Try it>
Once the line with "Jordan Basketballtrikot Jordan Sport schwarz Jordan" is found, repeat it and all later lines exactly through the end of the listing below, with the pictures left out.

*** Material provided ***

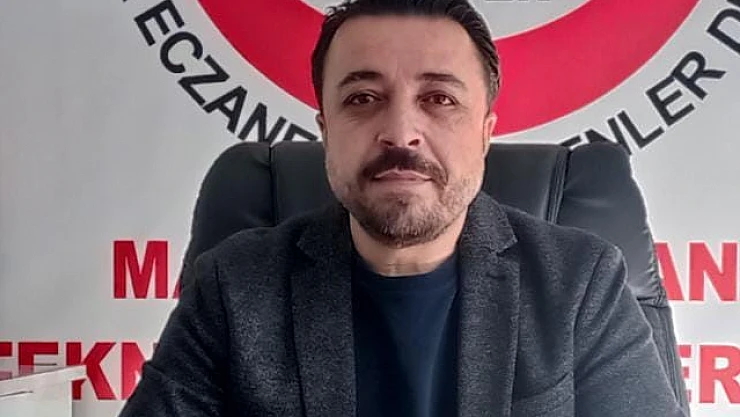Yeni Yüzyıl Partisi Battalgazi İlçe Başkanlığına Erdoğan Gültekin Getirildi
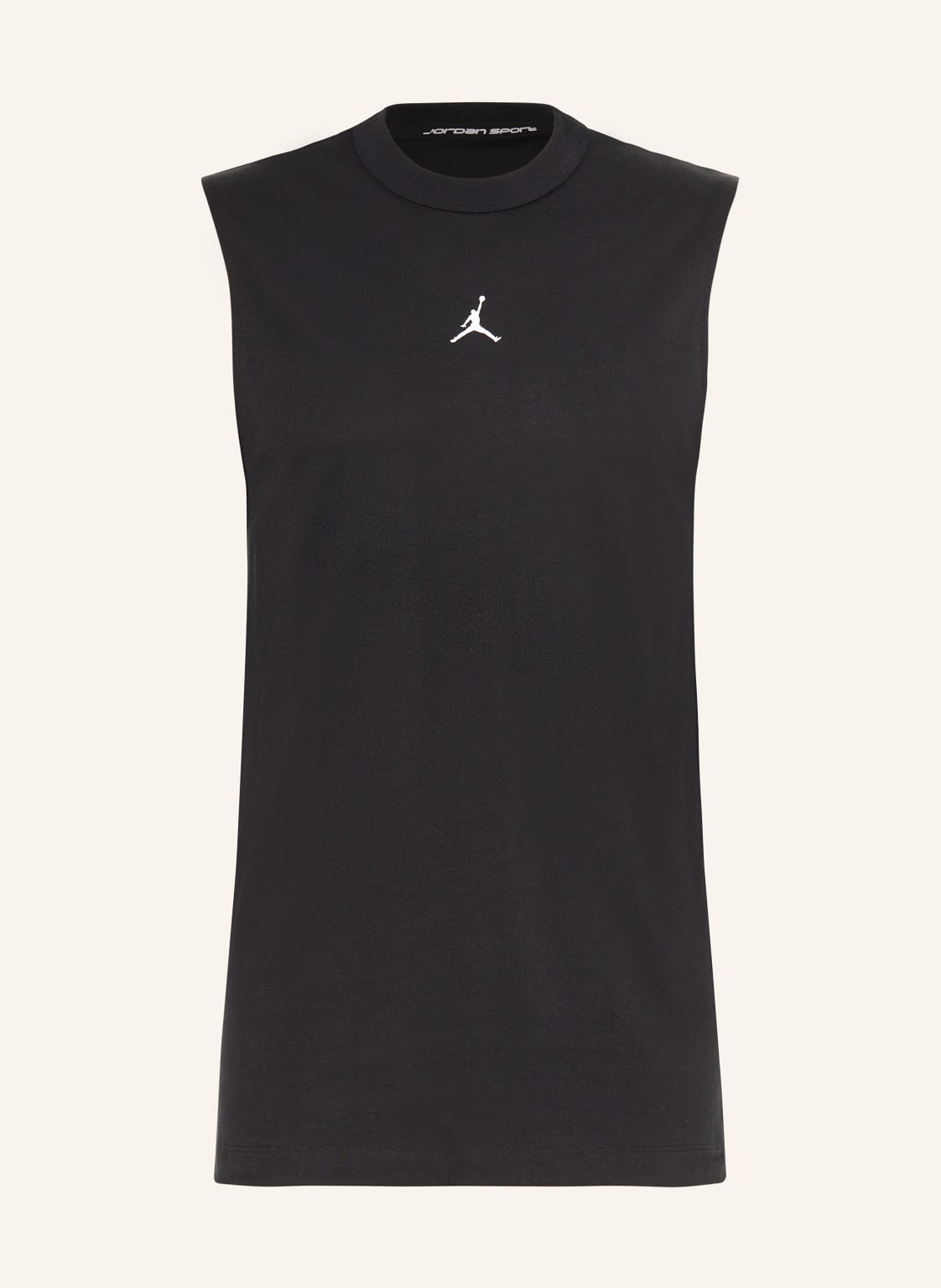 Jordan Basketballtrikot Jordan Sport schwarz Jordan Basketballtrikot Jordan Sport schwarz von Jordan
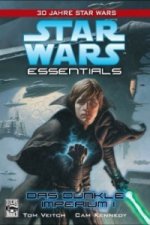 Star Wars, Essentials - Das Dunkle Imperium. Bd.1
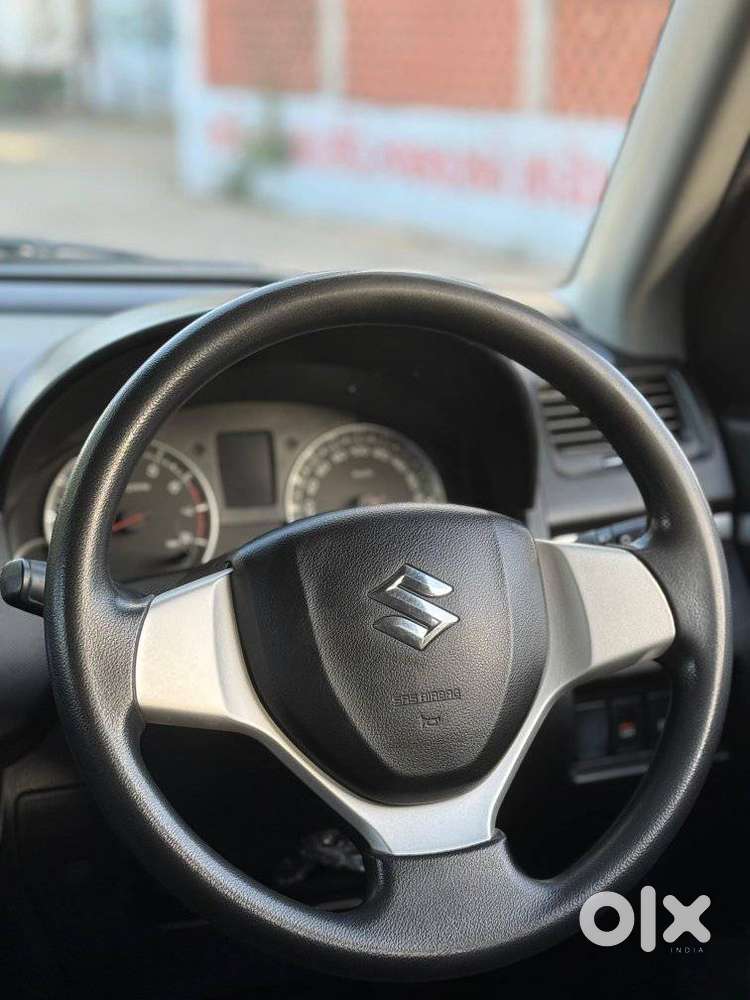 Maruti Suzuki Swift 1.2 Vxi (o), 2018, Petrol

*** End of Material provided ***

Output below>
 Jordan Basketballtrikot Jordan Sport schwarz Jordan Basketballtrikot Jordan Sport schwarz von Jordan
 Star Wars, Essentials - Das Dunkle Imperium. Bd.1
 Maruti Suzuki Swift 1.2 Vxi (o), 2018, Petrol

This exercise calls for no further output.